Diskusi sesi kedua dari Kelompok Belajar Studi Agraria dan Perempuan yang diadakan di Sajogyo Institute (SAINS) pada 10 Agustus 2016 mengangkat tema “Reorganisasi Ruang, Krisis Sosial Ekologi, dan Akibatnya Terhadap Perempuan”.
Dalam diskusi yang membahas seputar narasi besar perempuan dalam kelindan rejim ekstraksi di Indonesia mencoba menelaah secara kritis proses marjinalisasi berbasis kelas dan gender di tengah perebutan ruang untuk percepatan komoditas global.
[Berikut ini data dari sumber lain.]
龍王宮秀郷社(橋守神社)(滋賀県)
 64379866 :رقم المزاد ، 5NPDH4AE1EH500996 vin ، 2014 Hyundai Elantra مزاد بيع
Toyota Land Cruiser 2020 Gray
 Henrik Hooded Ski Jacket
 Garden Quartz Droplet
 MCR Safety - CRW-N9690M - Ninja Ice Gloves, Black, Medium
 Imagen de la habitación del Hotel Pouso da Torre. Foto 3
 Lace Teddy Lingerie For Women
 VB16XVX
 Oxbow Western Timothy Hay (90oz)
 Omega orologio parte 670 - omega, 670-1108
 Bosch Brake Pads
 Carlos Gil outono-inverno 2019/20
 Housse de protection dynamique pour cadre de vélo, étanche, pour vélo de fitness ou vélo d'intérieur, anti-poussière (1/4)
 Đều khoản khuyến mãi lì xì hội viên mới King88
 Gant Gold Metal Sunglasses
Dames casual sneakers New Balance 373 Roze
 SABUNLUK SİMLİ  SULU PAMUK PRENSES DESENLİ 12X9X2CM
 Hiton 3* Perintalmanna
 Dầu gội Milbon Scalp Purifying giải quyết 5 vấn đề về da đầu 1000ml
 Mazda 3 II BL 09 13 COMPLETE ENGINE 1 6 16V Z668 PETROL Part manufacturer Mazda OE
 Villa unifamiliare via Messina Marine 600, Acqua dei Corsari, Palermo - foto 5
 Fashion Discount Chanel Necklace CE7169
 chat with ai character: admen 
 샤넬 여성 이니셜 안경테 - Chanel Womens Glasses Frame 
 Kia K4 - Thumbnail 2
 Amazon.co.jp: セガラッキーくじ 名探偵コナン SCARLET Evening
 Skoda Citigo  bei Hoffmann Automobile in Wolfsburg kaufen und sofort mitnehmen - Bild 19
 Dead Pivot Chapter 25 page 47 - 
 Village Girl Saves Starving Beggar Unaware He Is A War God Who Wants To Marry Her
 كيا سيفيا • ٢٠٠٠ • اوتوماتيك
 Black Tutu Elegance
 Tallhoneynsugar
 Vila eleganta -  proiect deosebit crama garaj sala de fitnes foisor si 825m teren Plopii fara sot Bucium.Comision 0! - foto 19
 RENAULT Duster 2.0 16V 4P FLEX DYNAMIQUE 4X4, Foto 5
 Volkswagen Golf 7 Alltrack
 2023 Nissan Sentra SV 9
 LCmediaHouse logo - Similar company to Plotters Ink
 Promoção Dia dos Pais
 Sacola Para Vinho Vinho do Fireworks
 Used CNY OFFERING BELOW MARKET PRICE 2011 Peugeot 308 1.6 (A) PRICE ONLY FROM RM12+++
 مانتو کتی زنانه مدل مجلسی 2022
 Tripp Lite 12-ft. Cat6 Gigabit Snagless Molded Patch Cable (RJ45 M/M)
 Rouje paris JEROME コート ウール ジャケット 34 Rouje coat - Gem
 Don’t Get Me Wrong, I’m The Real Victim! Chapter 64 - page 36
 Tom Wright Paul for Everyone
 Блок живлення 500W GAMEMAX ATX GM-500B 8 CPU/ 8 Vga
Ada tiga naskah utama yang menjadi referensi, yaitu: “Expulsion, Brutality, and Complexity in the Global Ekonomy karya Saskia Sassen; “Makroman di Tanah Pinjaman” karya Siti Maimunah”; dan “Ekspansi Kelapa Sawit di Asia Tenggara” karya Marcus Colchester dan Shopie Chao.
Lina Rintis Susanti, dari Women Research yang menjadi koordinator kelas sekaligus moderator, membuka acara dengan review atas karya Marcus Colchester dan Shopie Chao. Rintis memaparkan terjadinya ekspansi perkebunan kelapa sawit, khususnya di kawasan Asia Tenggara berdampak signifikan terhadap masyarakat tak terkecuali perempuan. “Hak perempuan untuk mewarisi tanah telah dipersempet sistem ‘kepala rumah tangga’”, ujar Rintis. Seperti hukum adat di Kalimantan Barat, hak perempuan untuk mewarisi tanah telah dipersempit oleh sistem ‘kepala rumah tangga’ dalam pendaftaran bidang tanah atau kapling petani kecil.
Sementara itu pada kesempatan kedua, Ciptaning Larastiti dari Sajogyo Institute melakukan review atas karya Saskia Sassen. Laras mengungkapkan satu fenomena kerja cerdas dari lembaga-lembaga keuangan yang secara kasuistik menghadirkan metode baru melakukan penyingkiran. Dalam istilah sassen, reorganisasi ruang kehidupan tidak lagi dimaknai sekedar ‘inequality’ (ketidak’sama’rataan), melainkan ‘expulsion’ (penyingkiran paksa). Laras secara jeli menelaah kerumitan yang dimaksud oleh sassen tersebut ialah, “ekonomi global yang berwajah finansialisasi hari ini oleh IMF, WTO, dan Bank Dunia telah memudahkan spekulasi komoditas global seperti bio fuel dan memperluas akuisisi tanah oleh investasi asing”. Perluasan akuisisi tanah untuk komoditas global inilah yang memperluas krisis ekologi seperti pencemaran tanah hingga perampasan akses air.
Di sesi akhir, Syiqqil Arafat, Mahasiswa Pasca Sarjana Universitas Indonesia melakukan pembacaan kritis atas karya Siti Maimunah. Melalui karya Mai, Syiqqil mengantarkan kita ke perubahan tata guna tanah pada skala mikro yang terjadi di wilayah Makroman, Samarinda. Membongkar relasi kuasa industri ekstraktif, seperti perkebunan kelapa sawit dan pertambangan yang menciptakan marginalisasi terhadap perempuan. Penelusuran tutur perempuan mengungkap status dan posisi perempuan di tengah reproduksi ruang sebagai bagian dari reproduksi kekuasaan industri ekstraktif. Tutur perempuan memaparkan bagaimana lapis-lapis perubahan agraria berkontribusi kepada kekinian mereka bertahan hidup di alam sekitarnya.
Diskusi dilakukan secara tematik pada minggu kedua dan keempat di setiap bulan. Sesi diskusi ketiga akan dilaksanakan dengan tema, “Feminisasi Kemiskinan, Alokasi Waktu, dan Strategi Rumah Tangga Melanjutkan Hidup”.